Je ne pense pas l’être tout le temps, mais cette fois c’est sûr, je ne vais pas être objectif. Il y a, pour l’instant, trois grandes périodes dans ma vie de lecteur de bandes dessinées. D’abord l’enfance avec Tintin un peu, Gaston Lagaffe beaucoup et surtout Astérix. Puis l’âge adulte avec des titres comme Maus ou Watchmen puis la découverte de ce que l’on appelle la bande dessinée indépendante. Et au milieu, une période d’adolescence dont la série emblématique est et restera Lanfeust de Troy. Je ne dois pas être le seul à avoir été marqué par cette série si l’on se réfère à deux indicateurs indirects: le prix de l’édition originale du premier tome (de 200 à 300 euros) et le budget du Racing Club Toulonnais (22 M€ en 2013).

Pourquoi a-t-elle rencontré un tel succès ? Peut-être parce que ses créateurs ont su appliquer les recettes du passé. Ne pourrait-on pas voir en Lanfeust de Troy un Asterix moderne ? Les similitudes sont pourtant nombreuses. Tout d’abord de très beaux dessins, appliqués, très fins aux décors précis fourmillants de détails. Ensuite, et même s’ils évoluent autour d’autres personnages, nous avons bien un couple de héros personnifié par Lanfeust et Hébus que nous pouvons allègrement comparer à nos deux gaulois. Comme Asterix, Lanfeust a besoin d’un produit dopant pour déchaîner toute sa puissance, il n’utilise pas une potion, mais le pouvoir du Magohamoth. Hébus lui est tombé dedans quand il était petit puisque c’est un Troll et qu’un Troll est un personnage très costaud avec une propension à distribuer des baffes, enfin plutôt des coups de gourdin bien violents ayant des conséquences bien plus gore que des petits oiseaux tournoyants autour de la tête des romains. N’oublions pas enfin un humour potache omniprésent – mais assumé – qui se manifeste entre autre comme chez Goscinny et Uderzo par un détournement des noms propres – cet exercice semble être devenu une tradition, un public joke. Je m’arrête là, mais je suis sûr qu’il y a matière à approfondir. Si un étudiant en littérature comparée cherche un sujet de thèse en voici un sortant des sentiers battus.

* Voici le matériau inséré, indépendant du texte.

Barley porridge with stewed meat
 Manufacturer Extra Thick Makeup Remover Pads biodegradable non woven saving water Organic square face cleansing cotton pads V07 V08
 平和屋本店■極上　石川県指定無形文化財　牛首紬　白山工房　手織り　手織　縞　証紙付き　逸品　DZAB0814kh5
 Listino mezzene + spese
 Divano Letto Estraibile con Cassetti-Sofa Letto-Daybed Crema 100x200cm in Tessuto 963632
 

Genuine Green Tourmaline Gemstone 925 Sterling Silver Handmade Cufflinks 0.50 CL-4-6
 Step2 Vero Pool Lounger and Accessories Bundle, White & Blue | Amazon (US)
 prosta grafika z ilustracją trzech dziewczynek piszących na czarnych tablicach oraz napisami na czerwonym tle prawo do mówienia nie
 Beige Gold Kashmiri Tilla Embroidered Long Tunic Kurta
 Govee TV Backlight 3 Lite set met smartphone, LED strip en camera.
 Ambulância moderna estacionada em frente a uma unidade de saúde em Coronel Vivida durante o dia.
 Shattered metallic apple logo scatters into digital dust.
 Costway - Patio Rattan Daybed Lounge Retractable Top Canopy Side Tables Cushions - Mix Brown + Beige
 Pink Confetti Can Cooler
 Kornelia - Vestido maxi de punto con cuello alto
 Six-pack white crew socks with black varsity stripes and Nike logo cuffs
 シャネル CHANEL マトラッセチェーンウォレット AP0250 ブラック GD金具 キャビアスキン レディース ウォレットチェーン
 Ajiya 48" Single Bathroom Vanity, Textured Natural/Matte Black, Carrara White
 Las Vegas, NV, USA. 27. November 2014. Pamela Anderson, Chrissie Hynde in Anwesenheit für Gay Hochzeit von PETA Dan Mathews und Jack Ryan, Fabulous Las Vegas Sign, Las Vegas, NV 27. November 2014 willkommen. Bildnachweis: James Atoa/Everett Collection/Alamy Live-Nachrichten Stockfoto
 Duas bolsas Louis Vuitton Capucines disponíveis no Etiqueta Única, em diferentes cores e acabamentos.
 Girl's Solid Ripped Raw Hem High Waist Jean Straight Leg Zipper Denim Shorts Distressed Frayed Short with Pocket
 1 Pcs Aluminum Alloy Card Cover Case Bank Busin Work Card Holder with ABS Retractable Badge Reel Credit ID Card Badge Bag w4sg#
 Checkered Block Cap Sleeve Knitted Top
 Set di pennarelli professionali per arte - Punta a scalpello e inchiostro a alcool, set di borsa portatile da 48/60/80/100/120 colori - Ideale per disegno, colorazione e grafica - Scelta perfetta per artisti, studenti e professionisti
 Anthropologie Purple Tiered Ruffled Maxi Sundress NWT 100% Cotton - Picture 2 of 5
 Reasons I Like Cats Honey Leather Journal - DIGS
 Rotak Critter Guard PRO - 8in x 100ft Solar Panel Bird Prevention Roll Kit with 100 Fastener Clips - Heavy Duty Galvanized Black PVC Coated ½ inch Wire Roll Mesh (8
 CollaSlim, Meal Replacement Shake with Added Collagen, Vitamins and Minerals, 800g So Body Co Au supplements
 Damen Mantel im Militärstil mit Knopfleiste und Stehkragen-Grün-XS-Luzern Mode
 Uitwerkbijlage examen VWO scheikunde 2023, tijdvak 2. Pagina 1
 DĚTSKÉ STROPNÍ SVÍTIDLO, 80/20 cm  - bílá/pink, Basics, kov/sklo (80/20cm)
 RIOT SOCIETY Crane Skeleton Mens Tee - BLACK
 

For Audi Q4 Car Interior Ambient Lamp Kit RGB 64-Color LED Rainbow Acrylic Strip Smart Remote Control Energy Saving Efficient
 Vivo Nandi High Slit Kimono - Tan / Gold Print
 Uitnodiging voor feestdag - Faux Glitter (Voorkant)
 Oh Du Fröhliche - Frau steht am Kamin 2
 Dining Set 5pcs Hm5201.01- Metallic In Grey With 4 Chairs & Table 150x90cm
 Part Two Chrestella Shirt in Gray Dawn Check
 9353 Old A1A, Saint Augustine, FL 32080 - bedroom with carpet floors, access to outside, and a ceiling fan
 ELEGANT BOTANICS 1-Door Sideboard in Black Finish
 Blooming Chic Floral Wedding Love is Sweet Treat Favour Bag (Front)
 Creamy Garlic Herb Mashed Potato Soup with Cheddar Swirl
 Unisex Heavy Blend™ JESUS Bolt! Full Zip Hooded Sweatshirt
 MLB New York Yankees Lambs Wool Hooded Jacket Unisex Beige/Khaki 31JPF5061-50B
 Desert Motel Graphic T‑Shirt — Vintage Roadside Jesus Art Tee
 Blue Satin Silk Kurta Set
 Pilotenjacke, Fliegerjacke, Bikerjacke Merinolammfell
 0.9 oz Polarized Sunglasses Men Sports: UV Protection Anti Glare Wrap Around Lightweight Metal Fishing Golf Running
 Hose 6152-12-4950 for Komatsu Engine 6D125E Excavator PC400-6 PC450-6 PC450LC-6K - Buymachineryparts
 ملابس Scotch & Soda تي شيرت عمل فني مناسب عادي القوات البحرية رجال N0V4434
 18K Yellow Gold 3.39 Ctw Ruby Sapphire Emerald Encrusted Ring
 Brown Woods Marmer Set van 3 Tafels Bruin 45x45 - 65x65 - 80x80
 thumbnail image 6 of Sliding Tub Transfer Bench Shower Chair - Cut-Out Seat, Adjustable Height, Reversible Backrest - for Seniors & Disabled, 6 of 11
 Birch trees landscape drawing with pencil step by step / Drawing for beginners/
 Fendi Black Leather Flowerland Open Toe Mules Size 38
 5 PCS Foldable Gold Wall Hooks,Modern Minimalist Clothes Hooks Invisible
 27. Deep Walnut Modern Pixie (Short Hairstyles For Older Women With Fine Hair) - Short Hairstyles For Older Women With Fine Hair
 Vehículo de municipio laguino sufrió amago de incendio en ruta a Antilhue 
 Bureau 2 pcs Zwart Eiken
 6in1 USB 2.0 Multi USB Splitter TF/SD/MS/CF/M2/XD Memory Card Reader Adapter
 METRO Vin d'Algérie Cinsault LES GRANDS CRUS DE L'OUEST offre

Lanfeust de Troy est donc, comme son ancêtre, une série grand public conçue pour le divertissement. Malgré ce côté classique, elle propose un univers de fantasy original et bien ficelé, le bestiaire est vraiment enthousiasmant et le système de magie convaincant. Cette série fait partie de celles que j’aime lire et relire et qui me redonne systématiquement le sourire. Comme tout amateur, j’ai mes moments préférés. A l’instar de la lecture d’un Tour de Gaule, je suis toujours impatient de relire Cixi impératrice avec sa visite au palais des dieux tous plus originaux les uns que les autres. Comme toutes les oeuvres populaires, cette série est dénigrée par certains. Je trouve au contraire qu’elle atteint parfaitement son objectif: donner du plaisir au lecteur. Bravo messieurs.


Christophe Arleston et Didier Tarquin, Lanfeust de Troy, Soleil, 2011, 46 p, Amazon.